Project link: https://github.com/eric-mc2/DNCTransit
A few weeks ago I fumbled an interview question on statistical modeling. That hurt my pride, so I decided to take on a little modeling project.
With all the local hubbub around the DNC security perimeter, I remember mostly staying home to avoid getting snarled in traffic. This got me wondering how the rest of the city responded to the convention. How did the visiting delegates fare? Did they use public transit? (Chicago was picked to highlight its transportation and infrastructure after all.)
Does the exogeneous shock of the 2024 Democratic National Convention in Chicago induce significant impacts on public transit usage?
On face value I expect public transit ridership to increase due to the DNC. This is because the Democratic coalition generally lives in urban areas, supports “green” policy, government spending, etc.
Disclaimer: I don’t really have a stake in whether Democrats in general use transit or not, but I like this setup for a few reasons:
Can we even test this? Is the DNC a big enough event compared to normal commuting patterns?
The official DNC impact report says 50,000 delegates visited and spent $58.7M outside of the convention within Chicago. The city-wide average daily CTA ridership is 790,000 +/- 140,000 so it would be hard to detect these extra rides against the normal rhythm of the city.
But we know convention event is localised to the United Center and McCormick place.
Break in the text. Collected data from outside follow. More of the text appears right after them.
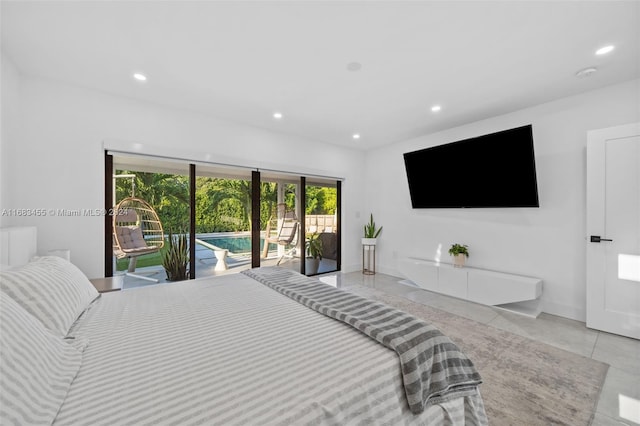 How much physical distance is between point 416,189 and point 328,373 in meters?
3.71

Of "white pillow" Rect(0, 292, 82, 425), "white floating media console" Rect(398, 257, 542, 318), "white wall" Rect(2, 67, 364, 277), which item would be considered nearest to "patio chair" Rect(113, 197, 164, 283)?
"white wall" Rect(2, 67, 364, 277)

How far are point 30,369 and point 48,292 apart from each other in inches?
24.6

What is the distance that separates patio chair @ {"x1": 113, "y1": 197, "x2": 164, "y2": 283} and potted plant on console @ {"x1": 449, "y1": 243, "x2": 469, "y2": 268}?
395cm

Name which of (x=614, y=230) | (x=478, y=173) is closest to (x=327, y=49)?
(x=478, y=173)

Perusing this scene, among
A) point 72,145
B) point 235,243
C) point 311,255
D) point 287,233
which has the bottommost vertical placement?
point 311,255

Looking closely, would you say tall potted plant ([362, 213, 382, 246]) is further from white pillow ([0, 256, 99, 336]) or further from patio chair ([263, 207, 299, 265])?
white pillow ([0, 256, 99, 336])

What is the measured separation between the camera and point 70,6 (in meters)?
1.65

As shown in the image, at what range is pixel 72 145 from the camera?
8.52ft

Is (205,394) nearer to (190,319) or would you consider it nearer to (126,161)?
(190,319)

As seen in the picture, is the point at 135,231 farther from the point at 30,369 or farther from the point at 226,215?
the point at 30,369

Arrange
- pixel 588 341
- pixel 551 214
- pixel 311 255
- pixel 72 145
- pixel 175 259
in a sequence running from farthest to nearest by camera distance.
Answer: pixel 311 255 < pixel 175 259 < pixel 551 214 < pixel 72 145 < pixel 588 341

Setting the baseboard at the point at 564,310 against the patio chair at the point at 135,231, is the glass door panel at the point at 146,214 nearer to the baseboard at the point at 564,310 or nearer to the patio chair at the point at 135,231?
the patio chair at the point at 135,231

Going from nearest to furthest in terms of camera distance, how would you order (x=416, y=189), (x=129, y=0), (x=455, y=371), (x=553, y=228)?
(x=455, y=371) → (x=129, y=0) → (x=553, y=228) → (x=416, y=189)

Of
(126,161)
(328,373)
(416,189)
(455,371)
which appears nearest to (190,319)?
(328,373)
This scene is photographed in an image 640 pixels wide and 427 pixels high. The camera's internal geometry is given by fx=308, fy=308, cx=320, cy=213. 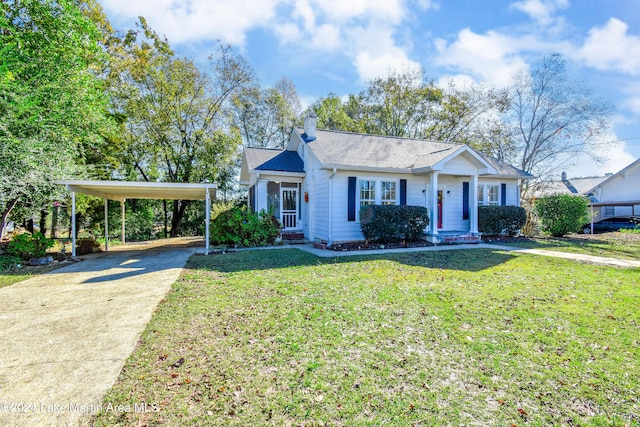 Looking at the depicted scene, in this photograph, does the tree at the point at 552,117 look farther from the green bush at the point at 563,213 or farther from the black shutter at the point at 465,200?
the black shutter at the point at 465,200

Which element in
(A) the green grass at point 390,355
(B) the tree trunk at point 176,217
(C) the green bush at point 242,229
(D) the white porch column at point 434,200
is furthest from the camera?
(B) the tree trunk at point 176,217

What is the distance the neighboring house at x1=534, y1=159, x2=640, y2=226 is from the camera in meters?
21.9

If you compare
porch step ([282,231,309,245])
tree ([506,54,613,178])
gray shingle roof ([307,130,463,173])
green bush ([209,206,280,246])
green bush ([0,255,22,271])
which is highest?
tree ([506,54,613,178])

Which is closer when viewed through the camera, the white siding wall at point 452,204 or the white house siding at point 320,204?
the white house siding at point 320,204

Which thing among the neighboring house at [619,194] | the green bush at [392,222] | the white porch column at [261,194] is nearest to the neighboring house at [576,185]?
the neighboring house at [619,194]

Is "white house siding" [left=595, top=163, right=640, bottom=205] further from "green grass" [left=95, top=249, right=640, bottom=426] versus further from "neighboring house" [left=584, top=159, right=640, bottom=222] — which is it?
"green grass" [left=95, top=249, right=640, bottom=426]

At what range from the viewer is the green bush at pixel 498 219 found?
12.6 metres

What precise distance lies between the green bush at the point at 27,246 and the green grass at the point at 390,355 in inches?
255

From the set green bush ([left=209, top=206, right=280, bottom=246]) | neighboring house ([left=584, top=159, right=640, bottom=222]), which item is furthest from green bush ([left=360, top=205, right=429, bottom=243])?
neighboring house ([left=584, top=159, right=640, bottom=222])

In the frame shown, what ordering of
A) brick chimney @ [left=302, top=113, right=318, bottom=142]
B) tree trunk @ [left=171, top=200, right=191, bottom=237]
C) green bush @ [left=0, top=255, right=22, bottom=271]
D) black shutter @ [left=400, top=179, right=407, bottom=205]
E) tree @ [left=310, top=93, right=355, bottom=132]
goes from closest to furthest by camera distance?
1. green bush @ [left=0, top=255, right=22, bottom=271]
2. black shutter @ [left=400, top=179, right=407, bottom=205]
3. brick chimney @ [left=302, top=113, right=318, bottom=142]
4. tree trunk @ [left=171, top=200, right=191, bottom=237]
5. tree @ [left=310, top=93, right=355, bottom=132]

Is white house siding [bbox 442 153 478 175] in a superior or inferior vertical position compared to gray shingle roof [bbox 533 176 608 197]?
inferior

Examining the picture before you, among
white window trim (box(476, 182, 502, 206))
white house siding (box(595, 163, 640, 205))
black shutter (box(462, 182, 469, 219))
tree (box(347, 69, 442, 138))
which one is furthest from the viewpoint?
tree (box(347, 69, 442, 138))

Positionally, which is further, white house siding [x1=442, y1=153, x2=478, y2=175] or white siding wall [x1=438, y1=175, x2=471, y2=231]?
white siding wall [x1=438, y1=175, x2=471, y2=231]

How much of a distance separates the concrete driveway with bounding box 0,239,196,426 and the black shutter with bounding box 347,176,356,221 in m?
6.25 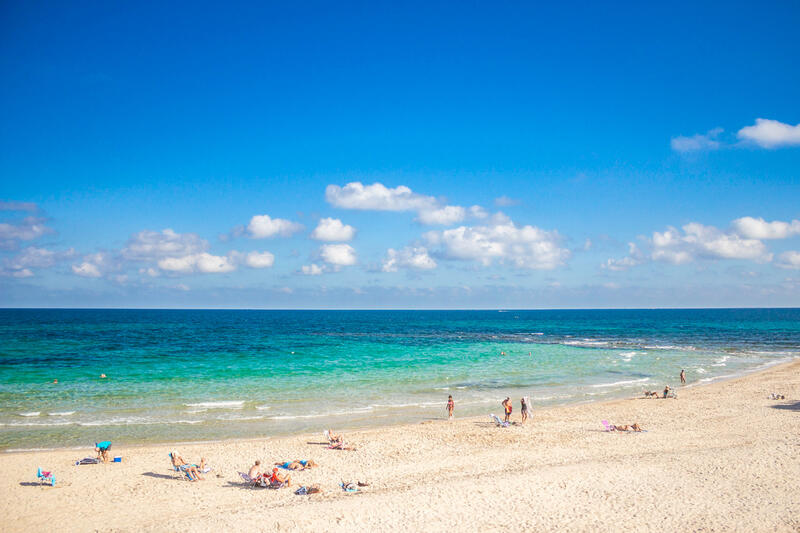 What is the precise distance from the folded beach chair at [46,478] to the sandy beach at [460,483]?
0.22 metres

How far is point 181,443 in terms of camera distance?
2009cm

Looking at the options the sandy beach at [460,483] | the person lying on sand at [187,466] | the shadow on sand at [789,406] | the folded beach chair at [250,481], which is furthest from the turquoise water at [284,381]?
the shadow on sand at [789,406]

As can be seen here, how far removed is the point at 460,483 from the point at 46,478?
13048 millimetres

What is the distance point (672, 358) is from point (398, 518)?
4683 cm

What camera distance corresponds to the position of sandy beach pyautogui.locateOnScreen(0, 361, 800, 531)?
1210 cm

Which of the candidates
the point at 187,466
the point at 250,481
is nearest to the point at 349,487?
the point at 250,481

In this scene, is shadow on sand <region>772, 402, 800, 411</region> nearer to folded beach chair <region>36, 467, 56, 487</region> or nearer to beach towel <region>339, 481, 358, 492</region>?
beach towel <region>339, 481, 358, 492</region>

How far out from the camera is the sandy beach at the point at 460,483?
12102 millimetres

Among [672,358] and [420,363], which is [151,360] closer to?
[420,363]

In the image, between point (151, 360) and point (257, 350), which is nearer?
point (151, 360)

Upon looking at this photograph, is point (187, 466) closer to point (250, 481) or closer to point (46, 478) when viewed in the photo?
point (250, 481)

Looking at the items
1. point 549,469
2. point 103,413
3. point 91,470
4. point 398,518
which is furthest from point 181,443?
point 549,469

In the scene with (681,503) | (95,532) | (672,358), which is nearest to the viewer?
(95,532)

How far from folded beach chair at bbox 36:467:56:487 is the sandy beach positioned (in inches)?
8.8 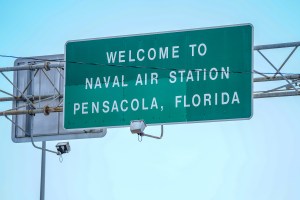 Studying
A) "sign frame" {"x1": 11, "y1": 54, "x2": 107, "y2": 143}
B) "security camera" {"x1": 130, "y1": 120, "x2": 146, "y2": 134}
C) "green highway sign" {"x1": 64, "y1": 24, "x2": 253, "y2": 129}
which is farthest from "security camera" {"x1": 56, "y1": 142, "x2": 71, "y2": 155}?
"security camera" {"x1": 130, "y1": 120, "x2": 146, "y2": 134}

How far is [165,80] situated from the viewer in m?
17.6

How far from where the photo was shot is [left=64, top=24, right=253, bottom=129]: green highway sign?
682 inches

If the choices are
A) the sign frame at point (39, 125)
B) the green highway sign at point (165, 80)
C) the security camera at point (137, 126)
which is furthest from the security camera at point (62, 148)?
the security camera at point (137, 126)

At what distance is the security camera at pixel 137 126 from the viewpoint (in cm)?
1752

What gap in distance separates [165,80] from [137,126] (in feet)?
2.96

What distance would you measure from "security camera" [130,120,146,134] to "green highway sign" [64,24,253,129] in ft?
0.32

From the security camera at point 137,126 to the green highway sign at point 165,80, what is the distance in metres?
0.10

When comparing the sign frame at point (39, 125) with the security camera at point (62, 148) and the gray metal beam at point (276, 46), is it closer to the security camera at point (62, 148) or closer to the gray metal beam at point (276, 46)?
the gray metal beam at point (276, 46)

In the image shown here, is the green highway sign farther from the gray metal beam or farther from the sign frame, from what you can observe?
the sign frame

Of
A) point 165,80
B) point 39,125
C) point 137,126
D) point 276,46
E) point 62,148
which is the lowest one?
point 137,126

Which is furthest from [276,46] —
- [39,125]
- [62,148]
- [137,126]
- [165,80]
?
[62,148]

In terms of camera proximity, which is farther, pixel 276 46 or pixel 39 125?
pixel 39 125

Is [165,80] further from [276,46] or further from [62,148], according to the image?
[62,148]

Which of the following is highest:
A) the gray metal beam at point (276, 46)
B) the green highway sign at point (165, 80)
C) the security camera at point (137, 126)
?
the gray metal beam at point (276, 46) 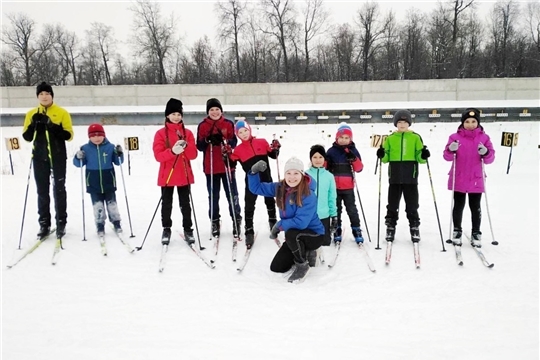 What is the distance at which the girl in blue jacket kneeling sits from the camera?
4395mm

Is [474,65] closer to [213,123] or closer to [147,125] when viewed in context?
[147,125]

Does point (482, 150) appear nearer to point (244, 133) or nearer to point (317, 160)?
point (317, 160)

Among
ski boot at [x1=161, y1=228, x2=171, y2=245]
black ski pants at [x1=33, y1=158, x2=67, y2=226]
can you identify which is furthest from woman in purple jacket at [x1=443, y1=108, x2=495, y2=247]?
black ski pants at [x1=33, y1=158, x2=67, y2=226]

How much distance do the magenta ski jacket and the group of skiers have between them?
1 centimetres

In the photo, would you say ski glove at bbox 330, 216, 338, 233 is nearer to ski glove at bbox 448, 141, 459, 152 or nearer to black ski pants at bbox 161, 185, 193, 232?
ski glove at bbox 448, 141, 459, 152

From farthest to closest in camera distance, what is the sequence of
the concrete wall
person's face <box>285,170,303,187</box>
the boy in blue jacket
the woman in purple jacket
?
the concrete wall < the boy in blue jacket < the woman in purple jacket < person's face <box>285,170,303,187</box>

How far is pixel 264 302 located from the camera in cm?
396

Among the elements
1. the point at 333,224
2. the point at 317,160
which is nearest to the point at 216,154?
the point at 317,160

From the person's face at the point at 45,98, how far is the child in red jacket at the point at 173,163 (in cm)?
166

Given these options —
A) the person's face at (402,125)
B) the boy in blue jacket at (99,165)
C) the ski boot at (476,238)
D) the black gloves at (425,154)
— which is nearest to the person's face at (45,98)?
the boy in blue jacket at (99,165)

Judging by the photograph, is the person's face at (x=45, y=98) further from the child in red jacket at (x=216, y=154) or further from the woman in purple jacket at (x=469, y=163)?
the woman in purple jacket at (x=469, y=163)

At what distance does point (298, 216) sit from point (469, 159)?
265cm

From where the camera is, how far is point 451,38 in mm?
38375

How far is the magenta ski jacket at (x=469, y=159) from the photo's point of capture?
518 cm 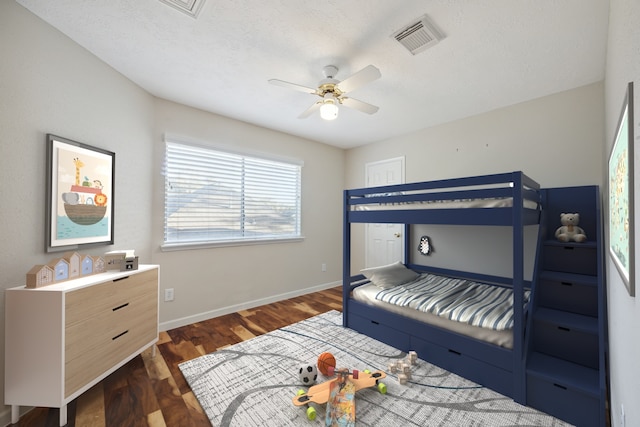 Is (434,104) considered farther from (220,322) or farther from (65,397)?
(65,397)

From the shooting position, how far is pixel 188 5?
1.51 metres

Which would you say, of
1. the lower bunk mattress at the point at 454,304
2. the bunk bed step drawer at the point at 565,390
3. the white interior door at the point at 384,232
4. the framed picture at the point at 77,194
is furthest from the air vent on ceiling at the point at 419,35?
the framed picture at the point at 77,194

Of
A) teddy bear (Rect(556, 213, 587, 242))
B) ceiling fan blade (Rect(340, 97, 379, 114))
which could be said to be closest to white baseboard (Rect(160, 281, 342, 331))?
ceiling fan blade (Rect(340, 97, 379, 114))

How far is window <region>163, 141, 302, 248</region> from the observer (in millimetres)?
2878

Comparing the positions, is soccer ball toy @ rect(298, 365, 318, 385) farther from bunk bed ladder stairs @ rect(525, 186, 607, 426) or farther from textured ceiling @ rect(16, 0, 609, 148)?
textured ceiling @ rect(16, 0, 609, 148)

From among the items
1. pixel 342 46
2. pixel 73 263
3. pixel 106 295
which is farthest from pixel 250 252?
pixel 342 46

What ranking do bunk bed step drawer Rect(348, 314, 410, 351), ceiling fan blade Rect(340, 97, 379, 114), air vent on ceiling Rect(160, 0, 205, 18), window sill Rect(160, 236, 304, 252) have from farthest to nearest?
window sill Rect(160, 236, 304, 252) < bunk bed step drawer Rect(348, 314, 410, 351) < ceiling fan blade Rect(340, 97, 379, 114) < air vent on ceiling Rect(160, 0, 205, 18)

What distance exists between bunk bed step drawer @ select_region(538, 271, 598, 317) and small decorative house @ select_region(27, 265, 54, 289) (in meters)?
3.38

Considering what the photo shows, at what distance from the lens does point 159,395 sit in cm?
178

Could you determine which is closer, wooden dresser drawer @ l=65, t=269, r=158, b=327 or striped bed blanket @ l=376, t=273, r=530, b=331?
wooden dresser drawer @ l=65, t=269, r=158, b=327

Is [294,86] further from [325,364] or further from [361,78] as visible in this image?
[325,364]

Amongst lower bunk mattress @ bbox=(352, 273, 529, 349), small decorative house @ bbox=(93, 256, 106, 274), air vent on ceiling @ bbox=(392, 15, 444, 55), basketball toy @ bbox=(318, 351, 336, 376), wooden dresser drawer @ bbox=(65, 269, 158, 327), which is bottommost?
basketball toy @ bbox=(318, 351, 336, 376)

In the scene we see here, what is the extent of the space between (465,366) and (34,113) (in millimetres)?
3389

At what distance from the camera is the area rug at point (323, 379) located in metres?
1.56
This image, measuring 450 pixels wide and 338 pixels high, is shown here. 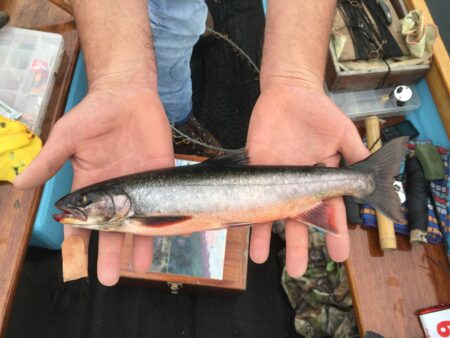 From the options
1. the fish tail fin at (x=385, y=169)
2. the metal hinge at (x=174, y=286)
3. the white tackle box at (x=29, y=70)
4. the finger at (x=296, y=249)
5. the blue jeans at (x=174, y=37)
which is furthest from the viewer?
the metal hinge at (x=174, y=286)

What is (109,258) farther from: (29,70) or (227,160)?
(29,70)

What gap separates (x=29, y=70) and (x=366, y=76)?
10.7 ft

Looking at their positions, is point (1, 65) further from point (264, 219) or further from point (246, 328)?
point (246, 328)

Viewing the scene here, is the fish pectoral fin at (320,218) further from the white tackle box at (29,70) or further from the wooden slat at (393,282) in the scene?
the white tackle box at (29,70)

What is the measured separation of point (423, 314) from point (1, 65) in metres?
4.08

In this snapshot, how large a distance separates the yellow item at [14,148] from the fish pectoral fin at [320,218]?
2104 millimetres

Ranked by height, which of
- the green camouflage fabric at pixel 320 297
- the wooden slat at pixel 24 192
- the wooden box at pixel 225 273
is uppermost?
the wooden slat at pixel 24 192

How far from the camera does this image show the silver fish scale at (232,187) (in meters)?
2.29

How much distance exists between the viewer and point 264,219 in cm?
235

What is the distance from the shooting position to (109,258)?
7.14ft

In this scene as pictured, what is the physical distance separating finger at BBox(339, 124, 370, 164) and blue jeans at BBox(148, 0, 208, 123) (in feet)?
5.00

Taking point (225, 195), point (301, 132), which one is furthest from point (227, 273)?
point (301, 132)

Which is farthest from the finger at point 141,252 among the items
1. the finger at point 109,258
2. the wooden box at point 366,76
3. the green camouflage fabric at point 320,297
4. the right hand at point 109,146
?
the wooden box at point 366,76

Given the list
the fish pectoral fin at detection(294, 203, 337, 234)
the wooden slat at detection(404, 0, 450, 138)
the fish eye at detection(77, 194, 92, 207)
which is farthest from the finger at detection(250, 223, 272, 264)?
the wooden slat at detection(404, 0, 450, 138) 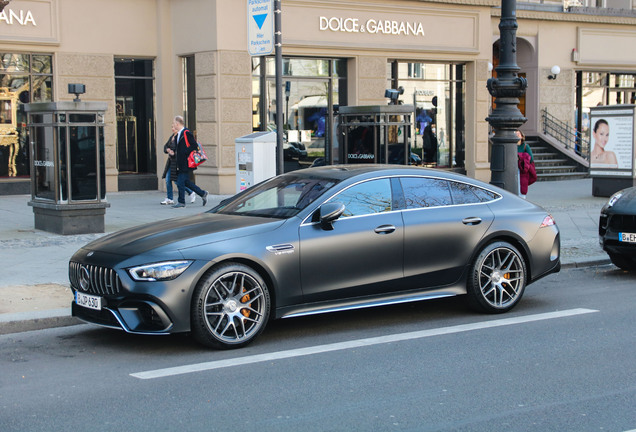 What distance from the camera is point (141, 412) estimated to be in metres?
5.25

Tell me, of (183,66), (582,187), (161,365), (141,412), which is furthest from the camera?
(582,187)

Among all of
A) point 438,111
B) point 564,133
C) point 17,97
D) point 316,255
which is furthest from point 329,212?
point 564,133

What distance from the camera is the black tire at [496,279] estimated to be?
8062 mm

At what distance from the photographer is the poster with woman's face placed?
18859 millimetres

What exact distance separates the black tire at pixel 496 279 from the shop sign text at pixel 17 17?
13844mm

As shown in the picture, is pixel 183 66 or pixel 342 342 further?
pixel 183 66

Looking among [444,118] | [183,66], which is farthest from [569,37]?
[183,66]

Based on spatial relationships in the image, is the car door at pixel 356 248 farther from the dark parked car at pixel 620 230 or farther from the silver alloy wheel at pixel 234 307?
the dark parked car at pixel 620 230

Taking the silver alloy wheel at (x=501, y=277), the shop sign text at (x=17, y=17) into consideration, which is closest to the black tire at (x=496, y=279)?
the silver alloy wheel at (x=501, y=277)

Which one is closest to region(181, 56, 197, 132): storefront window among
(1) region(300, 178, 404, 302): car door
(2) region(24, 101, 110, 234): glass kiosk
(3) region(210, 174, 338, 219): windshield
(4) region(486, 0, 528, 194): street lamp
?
(2) region(24, 101, 110, 234): glass kiosk

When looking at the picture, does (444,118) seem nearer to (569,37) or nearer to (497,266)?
(569,37)

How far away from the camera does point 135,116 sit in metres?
20.6

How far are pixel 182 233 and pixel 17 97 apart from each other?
44.2 feet

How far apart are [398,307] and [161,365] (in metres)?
3.04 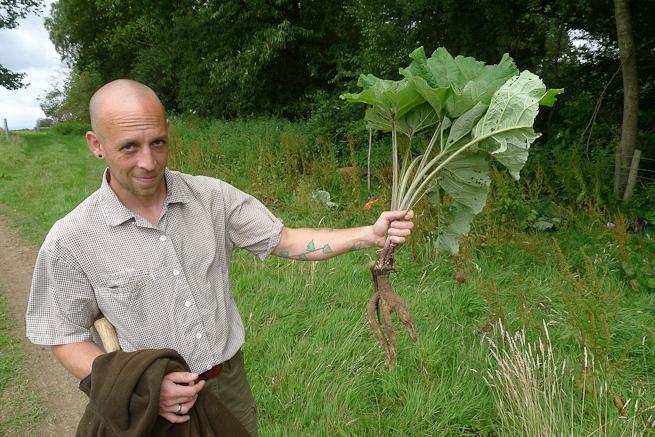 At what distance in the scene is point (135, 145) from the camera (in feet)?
5.56

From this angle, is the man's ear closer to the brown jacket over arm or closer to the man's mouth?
the man's mouth

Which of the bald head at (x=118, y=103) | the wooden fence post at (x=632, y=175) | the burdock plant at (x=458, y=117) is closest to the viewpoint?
the bald head at (x=118, y=103)

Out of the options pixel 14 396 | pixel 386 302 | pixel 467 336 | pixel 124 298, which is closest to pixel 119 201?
pixel 124 298

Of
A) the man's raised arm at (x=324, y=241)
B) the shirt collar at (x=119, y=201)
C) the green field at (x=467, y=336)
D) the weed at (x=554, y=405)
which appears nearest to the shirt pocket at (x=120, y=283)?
the shirt collar at (x=119, y=201)

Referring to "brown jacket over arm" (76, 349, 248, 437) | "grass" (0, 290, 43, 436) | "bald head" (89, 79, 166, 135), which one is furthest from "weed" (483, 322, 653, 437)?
"grass" (0, 290, 43, 436)

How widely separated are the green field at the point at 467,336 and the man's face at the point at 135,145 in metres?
1.83

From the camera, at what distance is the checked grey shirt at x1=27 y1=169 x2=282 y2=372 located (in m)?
1.69

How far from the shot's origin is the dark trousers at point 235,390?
2008 mm

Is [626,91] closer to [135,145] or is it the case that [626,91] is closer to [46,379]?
[135,145]

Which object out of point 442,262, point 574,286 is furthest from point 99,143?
point 442,262

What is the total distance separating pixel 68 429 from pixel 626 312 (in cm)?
417

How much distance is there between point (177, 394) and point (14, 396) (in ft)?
9.59

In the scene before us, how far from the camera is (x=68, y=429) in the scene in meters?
3.40

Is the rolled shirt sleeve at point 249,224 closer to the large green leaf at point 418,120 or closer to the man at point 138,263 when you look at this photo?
→ the man at point 138,263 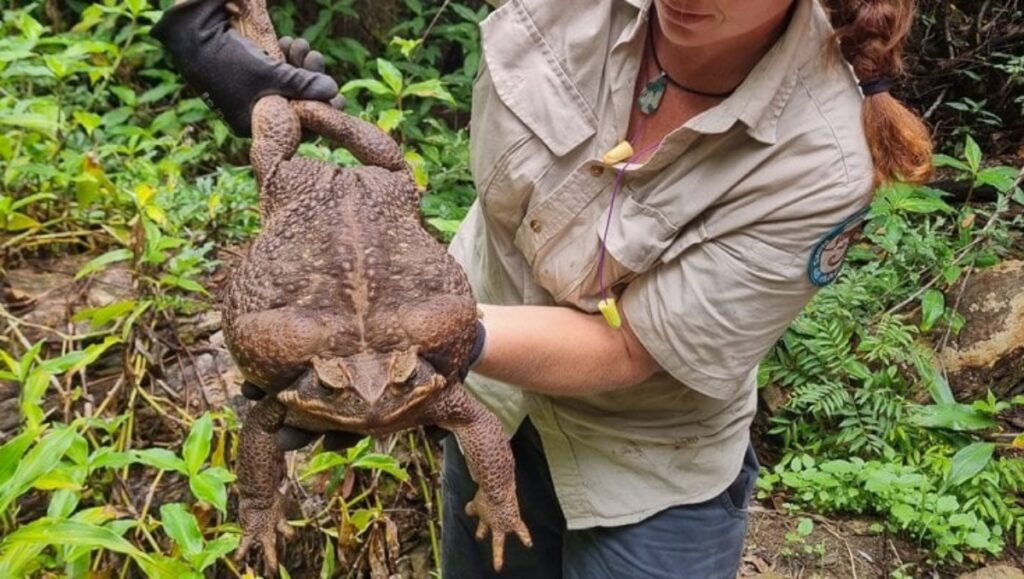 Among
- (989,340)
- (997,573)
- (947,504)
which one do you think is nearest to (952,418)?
(947,504)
When we only look at CTA routes that pass through these areas, the average daily ridership is 325,000 +/- 52,000. This breaks down to 136,000 bus and 189,000 train rides. So the anticipated impact is getting more noticeable.
Selecting only nearby train stations (ridership data is not available per bus stop), average daily boardings are 11,000. Any fraction of those 50,000 delegates ought to make a huge spike in this context.
What are the delegates’ other travel options? Walking, driving, Metra, biking, and rideshares. Data is available for the latter: there are 6,000 and 33,000 average daily bike and rideshare trips in areas near the United Center and McCormick place.
With these totals in mind, I’d expect the DNC delegation to significantly increase ridership nearby the convention centers, no matter what transit mode they choose.
The City of Chicago provides daily ridership totals for train (CTA), bus (CTA), rideshare (uber, lyft, etc), and bikeshare (Divvy). The original data is published at varying spatial aggregations:
I unified these sources into a panel dataset, keeping the nominal spatial unit of each transit mode1. Unfortunately I cannot include busses in this analysis because the data is not granular enough to identify rides near the convention centers.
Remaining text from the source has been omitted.